The Real Life Center helps those who are experiencing a difficult time such as a job loss, a divorce, death or other life issue. In addition to providing the initial needs of food and clothing to families, the Real Life Center also offers educational programs to help people reach their goals and be a catalyst for change.
Cathy says, “Most of us want to help our neighbors in need, but we don’t know how. At the Real Life Center, we provide a safe place to be a neighbor, both to give and also to receive in a time of need. This neighbor-to-neighbor approach is the core of who we are, and it lends itself to treating people with dignity and respect. If we want to walk alongside someone to help them get out of their situation, it is important for them to understand they are worthy, capable and empowered to take responsibility for their lives. We believe that is the way God made us!”
The Real Life Center works with the community to help the community. They have over 300 volunteers who serve regularly, either sorting clothing and food, or picking fruit in the incredible orchard where they grow fruit for families in need. The orchard and garden is run entirely by volunteers who tend to the gardens, pick produce, and pack food. The Real Life Center currently has five part-time and five full-time employees on their amazing team.
Their educational classes are taught by volunteers—experts in the community—who donate their time to teach a variety of subjects such as cooking/nutrition, finances, family and relationship issues, and emotional and spiritual well-being. These classes provide life skills and confidence, and create community. Cathy says, “The classes birthed out of the understanding that isolation and poverty go hand in hand. If we can keep people connected and supported, they improve their chance to rise above poverty. 53 percent of all Americans are faced with poverty at some point in their lives due to the unexpected.
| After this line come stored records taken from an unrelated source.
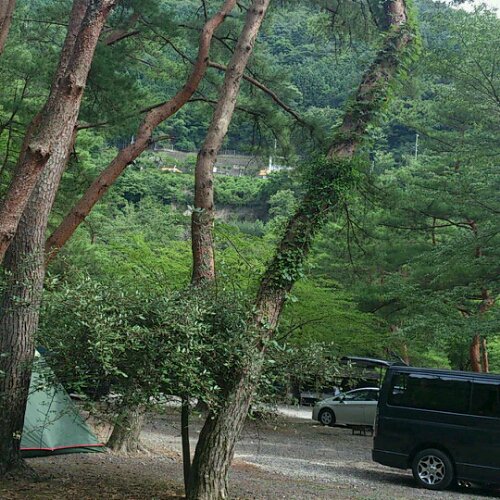 キャンプへ行ってきました☆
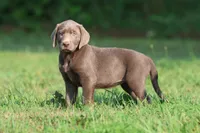 Duchess AKC , a male Labrador Retriever for sale in Grand Rapids, MI – 6 of 6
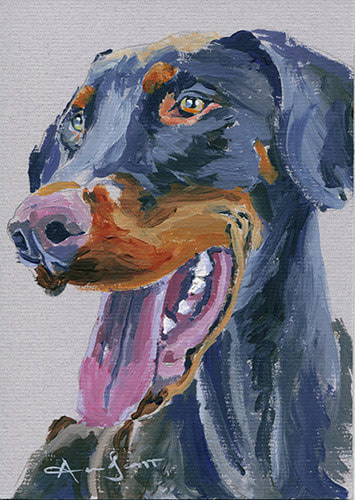 Doberman Pinscher dog tongue out 45 minute acrylic painting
People who never thought they would have to ask for assistance find themselves in a situation where we can help.”
The Real Life Center has additional programs to meet the needs of seniors and create a community for them. They also provide school supplies and backpacks, and offer backpack buddies for weekend meals to students in need.
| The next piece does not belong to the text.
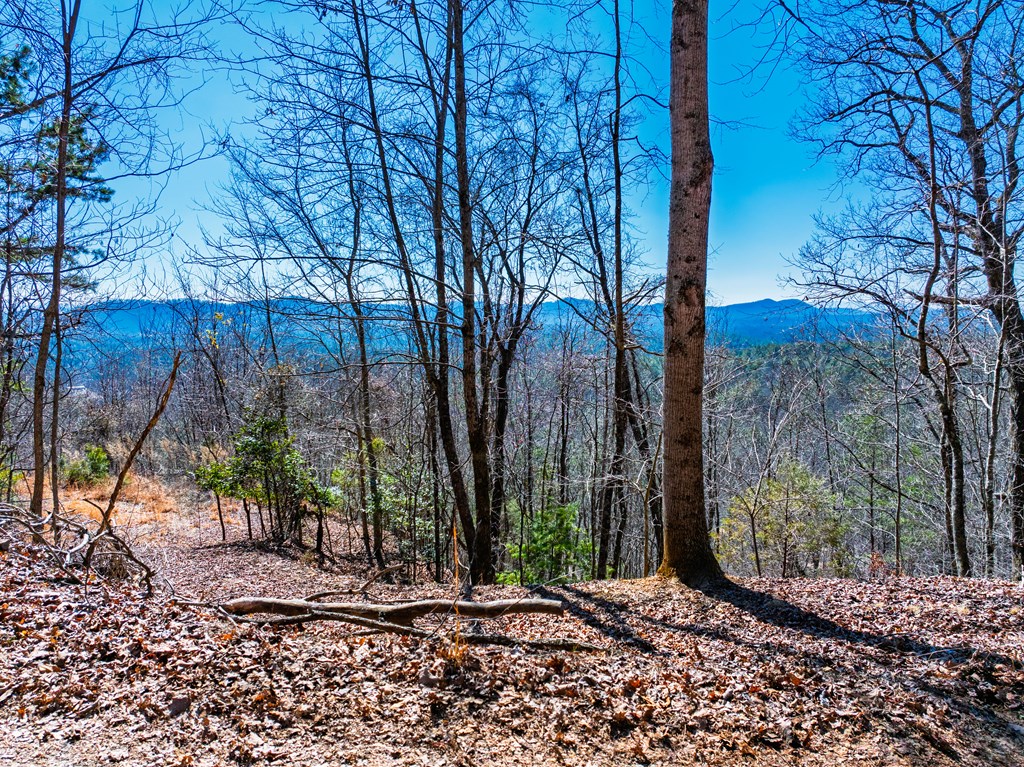 Lot 7 Daybreak Boulevard Murphy, NC 28906 - Photo 3 of 19 a view of a backyard with large trees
Neighbor-to-neighbor, helping one another by putting yourself in another’s shoes, that is the key to a successful non-profit organization and the community at The Real Life Center seems to understand this immensely.
Cathy believes these guidelines can be applied to any nonprofit to help lead to success:
- Before you start, take the time to understand what the real needs are and what is currently being done. If you determine there are gaps, and you are ready to jump in, have a clear direction on your strategy to meet the needs. This allows you to stay aligned to your mission and stay focused on your strategy to achieve success. Once you have laid the groundwork, communicating your mission well is key. Casting a strong vision will engage others to want to join you in making a difference!
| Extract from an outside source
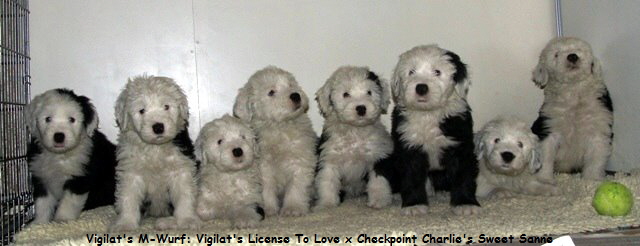 Vigilat's M-Wurf: Vigilat's License To Love x Checkpoint Charlie's Sweet Sanne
- Don’t be afraid to do it differently! When meeting unmet needs, doing it differently may be what incites the change to occur. Sometimes, we just need an objective person who truly cares enough to encourage us to see with a different perspective and to challenge us to change.
- Do everything with excellence. This not only builds credibility, it creates trust. This includes setting up your basic legal structure and building a strong foundation such as keeping records, how you steward your donations, and management of your finances and your team. Always be willing to be accountable and to reevaluate what you are doing on a regular basis to keep improving.
- Never lose sight of genuinely valuing your people—your team of staff and volunteers, clients, and those who partner with you and support you—which will create loyalty and mutual respect. One of my favorite comments I often hear from a client is, “Please call me if I can ever do anything to help you.”
- Be generous, keeping the big picture in mind. Too often, we become so focused on our own organizations we forget that there are many others out there doing good. If we are willing to work together we can make an even larger impact—together. I am grateful for the many churches, businesses, civic groups, schools and other organizations that we partner with for the greater good of those we serve. Being willing to help others, ultimately helps your organization to be better too!
- Define what success looks like, and develop some critical success factors. If we don’t measure ourselves how do we know how much good we are doing? Determine benchmarks you wish to measure each year, and challenge yourself to do it better each year.